From over my shoulder my friend Danny spoke up: “Can I get you a cup of coffee sir?” At that moment it finally registered that I had been sitting in the middle of all of this, copying the homeless man’s words and characterizing on paper, his very real life for the past ten minutes. It hadn’t even occurred to me who this person was, or that I hadn’t offered him anything, but that I was in fact stealing his words, likely the only possessions he had.
“Hi, I’m Brian Fischer and I am drug-free, he said. “Oh, why sure fine man, I’ll take some coffee.” I dropped my pen and slunk lower in my booth, feeling the weight of either my selfishness or ignorance. I couldn’t tell which was heavier.

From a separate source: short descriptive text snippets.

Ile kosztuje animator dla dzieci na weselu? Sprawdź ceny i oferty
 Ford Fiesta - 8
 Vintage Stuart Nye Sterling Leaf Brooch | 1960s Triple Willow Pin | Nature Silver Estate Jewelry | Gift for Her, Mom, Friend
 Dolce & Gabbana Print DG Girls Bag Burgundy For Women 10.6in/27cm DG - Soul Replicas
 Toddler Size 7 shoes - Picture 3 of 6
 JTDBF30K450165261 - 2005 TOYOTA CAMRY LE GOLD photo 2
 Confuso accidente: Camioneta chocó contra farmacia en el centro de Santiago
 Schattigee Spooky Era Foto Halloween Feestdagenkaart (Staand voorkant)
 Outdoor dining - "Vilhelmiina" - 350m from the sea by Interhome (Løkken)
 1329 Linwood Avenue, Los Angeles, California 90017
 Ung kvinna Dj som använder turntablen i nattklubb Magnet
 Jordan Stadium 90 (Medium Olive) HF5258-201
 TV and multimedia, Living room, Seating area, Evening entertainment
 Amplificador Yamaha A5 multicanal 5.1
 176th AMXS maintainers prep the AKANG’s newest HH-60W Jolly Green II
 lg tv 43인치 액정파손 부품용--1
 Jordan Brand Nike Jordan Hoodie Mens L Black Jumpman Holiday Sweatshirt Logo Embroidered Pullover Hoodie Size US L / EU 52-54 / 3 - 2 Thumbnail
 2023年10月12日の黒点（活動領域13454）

To this day, I am embarrassed by the irony my reading a book about homelessness and my apparent oblivion to real-life poor persons. I am embarrassed by the fact that my agnostic friend had more spiritual generosity to offer Brian a cup of coffee than I, the Christian social-activist. On the way out, another friend Lora, not particularly religious from the contexts of any previous conversations or encounters we’d shared, listened to Brian ramble in the cold, for nearly forty-five minutes. Needless to say, as a supposed follower of Christ, I was pretty appalled with my lack of heart-felt response.
The apostle John in one of the most eloquent letters ever penned about love writes: “If anyone has material possessions and sees his brother in need but has no pity on him, how can the love of God be in him? Dear children, let us not love with words or tongue but with actions and in truth” (1 John 3:17-18).
As Brian Fischer left Magpie, he turned to the boy behind the counter and said “You’re a good kid, Billy. Thank you for being so kind.” Thank you for being so kind, those words still sting my ears as a haunting reminder to be alert and to break out of the selfish-bubbles we oftentimes find ourselves caught in.
The beauty of Christ’s love however, is that it is shared in community. If Brian Fischer would have been solely reliant upon me, the selfish writer, he would have been one cold, hungry chap. It was the community present at that coffee shop which welcomed Brian in, offered him something warm to drink, and several sets of ears to listen to his stories.
My dear friends, “God is love” (1 John 4:8), and “Love is made complete among us.” Because of God’s grace we have all been lifted-up ourselves and set free from earthly bondage; we are called to do the same. Let us move beyond charity and beyond servanthood – toward self-sacrificing love and genuine relationships with one another. Let us unite as one body and recognize the gift of community through which God sustains us all, even when individual parts may lack.